New Prophet Inequalities via Poissonization and Sharding
Elfarouk Harb
TL;DR
This work addresses prophet inequalities by introducing a unified framework built on Poissonization and sharding. The approach analyzes complex sequential decision problems via Poissonized shard counts and stochastic dominance, yielding tighter bounds across many variants (Top-$1$-of-$k$, Prophet Secretary, Semi-Online, SOLM) and simplifying proofs. Key contributions include improved competitive ratios for non-IID and IID settings, near-tight results for small $k$, adaptive threshold strategies, and an $O(\log^{*} n)$ load algorithm for SOLM, along with algorithmic templates that extend to order-selection and oracle-augmented models. The framework provides both practical improvements in constants and conceptual clarity, with potential to unlock further results in related prophet-inequality variants and dynamic settings.
Abstract
This work introduces \emph{sharding} and \emph{Poissonization} as a unified framework for analyzing prophet inequalities.
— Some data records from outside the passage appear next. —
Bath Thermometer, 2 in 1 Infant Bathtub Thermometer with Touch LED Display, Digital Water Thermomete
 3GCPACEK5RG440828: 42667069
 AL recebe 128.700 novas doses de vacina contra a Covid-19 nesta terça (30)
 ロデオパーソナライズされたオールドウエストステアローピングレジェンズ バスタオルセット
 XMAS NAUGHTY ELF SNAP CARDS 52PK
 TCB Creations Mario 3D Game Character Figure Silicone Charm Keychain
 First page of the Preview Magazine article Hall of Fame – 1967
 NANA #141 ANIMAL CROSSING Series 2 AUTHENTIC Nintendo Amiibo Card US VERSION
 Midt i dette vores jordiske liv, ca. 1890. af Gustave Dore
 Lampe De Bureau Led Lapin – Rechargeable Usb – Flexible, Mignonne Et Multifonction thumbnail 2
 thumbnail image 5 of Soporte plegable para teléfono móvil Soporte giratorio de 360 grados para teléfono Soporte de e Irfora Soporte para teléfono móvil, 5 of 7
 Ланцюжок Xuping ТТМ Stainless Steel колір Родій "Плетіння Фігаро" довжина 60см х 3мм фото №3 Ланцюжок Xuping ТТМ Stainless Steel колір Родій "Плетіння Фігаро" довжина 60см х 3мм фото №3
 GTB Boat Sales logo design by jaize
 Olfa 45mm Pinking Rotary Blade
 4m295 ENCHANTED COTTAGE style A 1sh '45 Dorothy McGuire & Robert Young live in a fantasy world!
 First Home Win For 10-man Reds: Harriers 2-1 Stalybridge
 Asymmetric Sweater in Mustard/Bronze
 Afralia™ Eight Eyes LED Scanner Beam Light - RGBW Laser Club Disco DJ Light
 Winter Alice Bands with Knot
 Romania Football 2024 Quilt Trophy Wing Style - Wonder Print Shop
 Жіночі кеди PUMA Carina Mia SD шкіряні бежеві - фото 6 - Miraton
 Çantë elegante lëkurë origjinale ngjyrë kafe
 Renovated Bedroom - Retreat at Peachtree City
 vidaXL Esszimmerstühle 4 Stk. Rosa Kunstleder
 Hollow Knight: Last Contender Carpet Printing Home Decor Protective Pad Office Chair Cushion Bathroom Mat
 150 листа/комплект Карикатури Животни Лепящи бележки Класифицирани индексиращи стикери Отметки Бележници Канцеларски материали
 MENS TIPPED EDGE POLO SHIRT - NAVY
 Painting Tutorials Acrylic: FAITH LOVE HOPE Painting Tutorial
Sharding involves splitting a random variable into several independent random variables, shards, that collectively mimic the original variable's behavior. We combine this with Poissonization, where these shards are modeled using a Poisson distribution. Despite the simplicity of our framework, we improve the competitive ratio analysis of a dozen well studied prophet inequalities in the literature, some of which have been studied for decades. This includes the \textsc{Top-$1$-of-$k$} prophet inequality, prophet secretary inequality, and semi-online prophet inequality, among others. This approach not only refines the constants but also offers a more intuitive and streamlined analysis for many prophet inequalities in the literature. Furthermore, it simplifies proofs of several known results and may be of independent interest for other variants of the prophet inequality, such as order-selection.